Cancer Screening and Early Detection
Cancer screening and early detection covers the use of tests in people without symptoms to find cancer, or its precursors, at an earlier and more treatable stage than would occur if the disease declared itself clinically. It is a form of secondary prevention: it does not stop cancer from arising but aims to reduce death and serious illness by shifting diagnosis earlier in the natural history of disease.
Definition
Cancer screening is the systematic application of a test or examination to asymptomatic individuals to identify those more likely to have a cancer or a pre-cancerous lesion, who are then referred for diagnostic confirmation; early detection is the resulting shift of diagnosis to an earlier disease stage.
Scope
This area orients the reader to organized cancer screening as a public-health and primary-care activity. It groups the major organ-specific programmes (cervical, breast and colorectal screening), the cross-cutting principles by which any screening test and programme are judged, and the role of shared decision-making when benefits and harms are closely balanced. It is a reference overview of how screening evidence is generated and appraised, not a source of individual screening advice.
Sub-topics
Core questions
- Does detecting a given cancer earlier through screening actually reduce mortality or serious morbidity, rather than only advancing the date of diagnosis?

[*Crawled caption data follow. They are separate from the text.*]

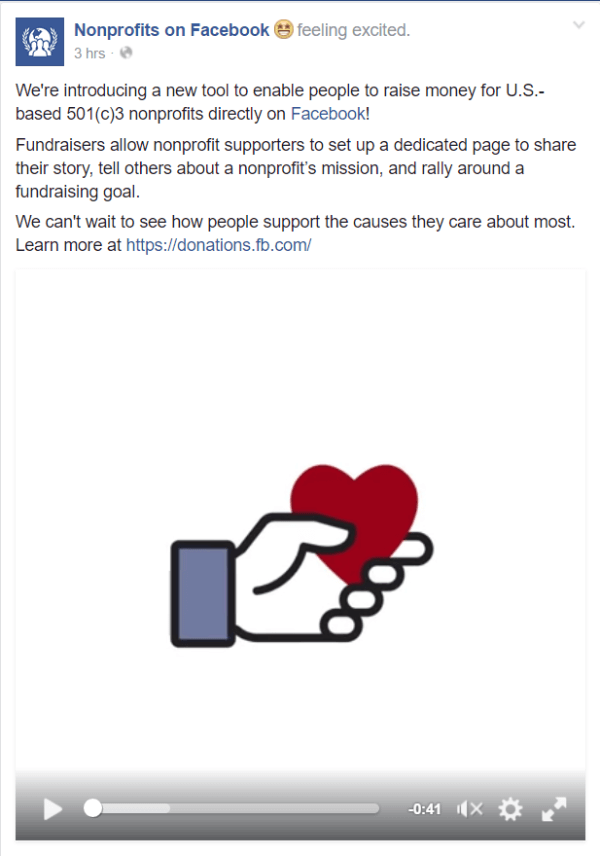 Facebook non-profit fondsenwerving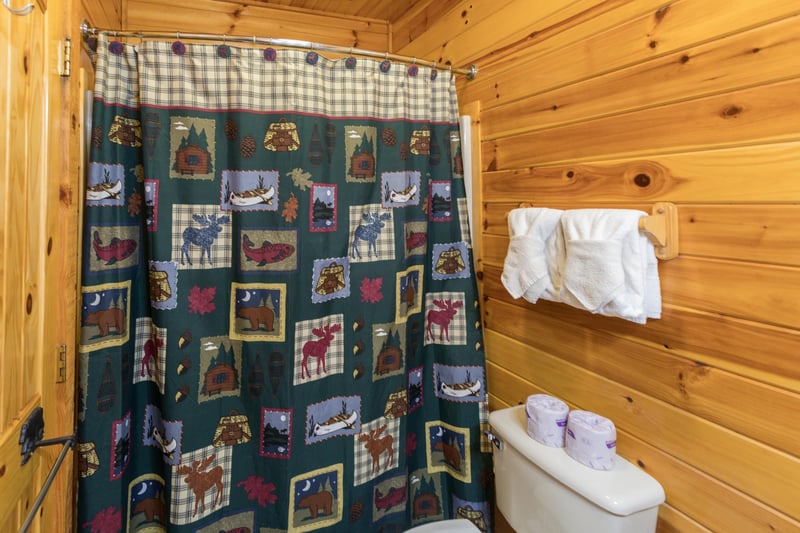 Third bathroom at Bear Country, a 3bedroom cabin rental located in Pigeon Forge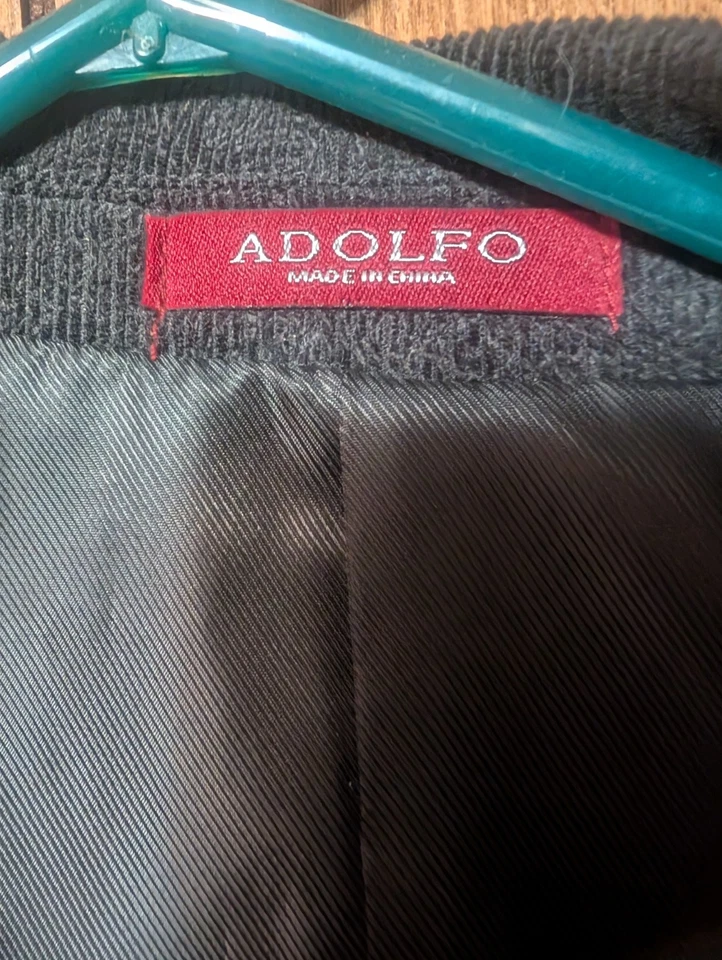 Chaqueta Abrigo Deportivo Adolfo Blazer Hombre Talla 38S Lino Negro Foto 2 de 4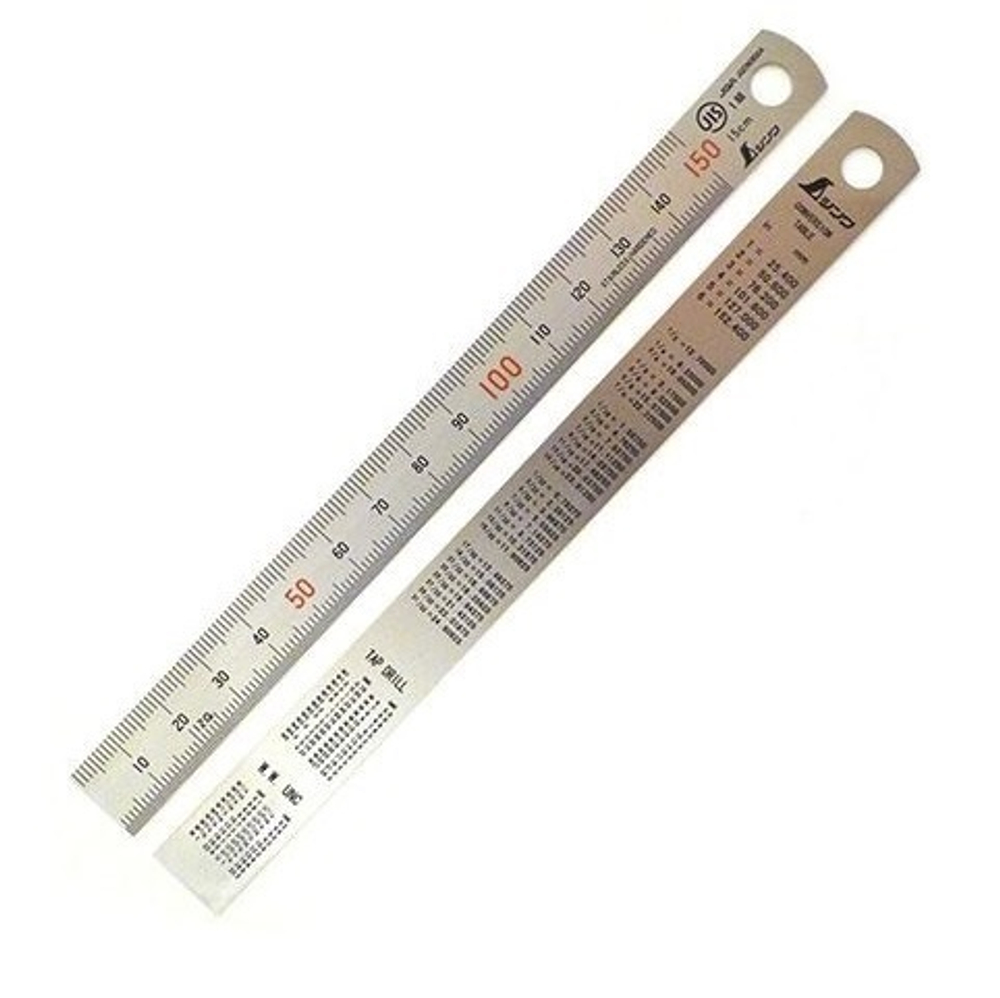ХИТ! Стальная премиум линейка матовая (шкала - в мм) Shinwa 1000 мм Sh 13048 М00010167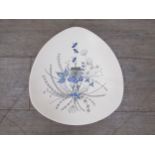 A Stavangerflint of Norway dish painted with foliage and birds. 32.5cm x 31cm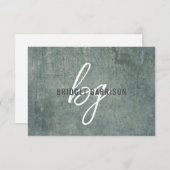 Carte De Correspondance Pinceau gris bleu ardoise monogrammé peint (Devant / Derrière)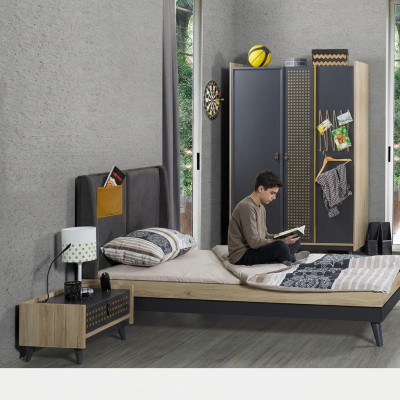 Designer Kinderzimmer Schlafzimmer Nachttisch Bett Kleiderschrank 3tlg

- How are the benefits of screening weighed against harms such as false positives, overdiagnosis and overtreatment?
- Which populations, ages and intervals make an organized screening programme worthwhile?
Key concepts
- Secondary prevention
- Asymptomatic detection
- Natural history and detectable preclinical phase
- Sensitivity and specificity
- Overdiagnosis and overtreatment
- Lead-time and length-time bias
- Organized versus opportunistic screening
- Mortality reduction as the primary endpoint
Mechanisms
Screening exploits the existence of a detectable preclinical phase, a window during which a cancer or its precursor can be found by a test before it would cause symptoms. Finding disease in this window allows treatment of earlier-stage cancer, which is generally more effective, or removal of precursor lesions before they become invasive, as with cervical and colorectal precursors. The intended endpoint of an organized programme is a reduction in cause-specific mortality, demonstrated where possible in randomized trials; because earlier diagnosis can appear beneficial through lead-time and length-time bias even when survival is unchanged, mortality rather than survival is the decisive measure (Wilson & Jungner, 1968).
Clinical relevance
Organized screening programmes for cervical, breast and colorectal cancer are among the most widely implemented preventive activities in primary care, and major bodies issue periodically updated recommendations on whom to screen and how often (USPSTF, 2018; USPSTF, 2021). This area describes the evidentiary basis and trade-offs of those programmes for educational reference; it does not constitute screening recommendations for any individual.
Epidemiology
Cervical, breast and colorectal cancers are leading contributors to cancer incidence and mortality worldwide, which is why each has been the subject of large screening trials and population programmes. The measured effect of screening varies by cancer and programme: removal of precursors has substantially reduced cervical and colorectal cancer incidence in well-organized settings, while mammographic breast screening reduces breast-cancer mortality at the cost of a debated burden of overdiagnosis (Marmot, 2012).
History
Systematic thinking about screening was crystallized by Wilson and Jungner's 1968 World Health Organization monograph, whose principles for appraising a screening programme remain a reference framework. Through the later twentieth century, organ-specific programmes were built and tested: cytology-based cervical screening, randomized trials of mammography, and trials of faecal occult blood testing and endoscopy for colorectal cancer. More recent decades have added molecular tests such as HPV testing and have sharpened attention to the harms of overdiagnosis.
Debates
- How should the benefits of screening be balanced against overdiagnosis?
- Because some screen-detected cancers would never have caused harm in a person's lifetime, screening can lead to diagnosis and treatment that confer no benefit; quantifying this overdiagnosis and weighing it against mortality reduction is a central and unresolved tension, most prominently for mammographic breast screening.
Key figures
- J. M. G. Wilson
- Gunnar Jungner
- Michael Marmot
Related topics
Seminal works
- wilson-jungner-1968
- marmot-2012
Frequently asked questions
- How is cancer screening different from cancer prevention?
- Primary prevention tries to stop cancer from developing, for example through vaccination or reducing exposures; screening is secondary prevention, which does not prevent the cancer but aims to find it, or its precursors, earlier so that treatment is more effective.
- Why is mortality, not survival, used to judge a screening programme?
- Earlier diagnosis automatically lengthens the time from diagnosis to death (lead-time bias) and tends to over-select slow-growing cancers (length-time bias), so survival can look better even when screening saves no lives; a reduction in cause-specific mortality is the measure that is not distorted by these biases.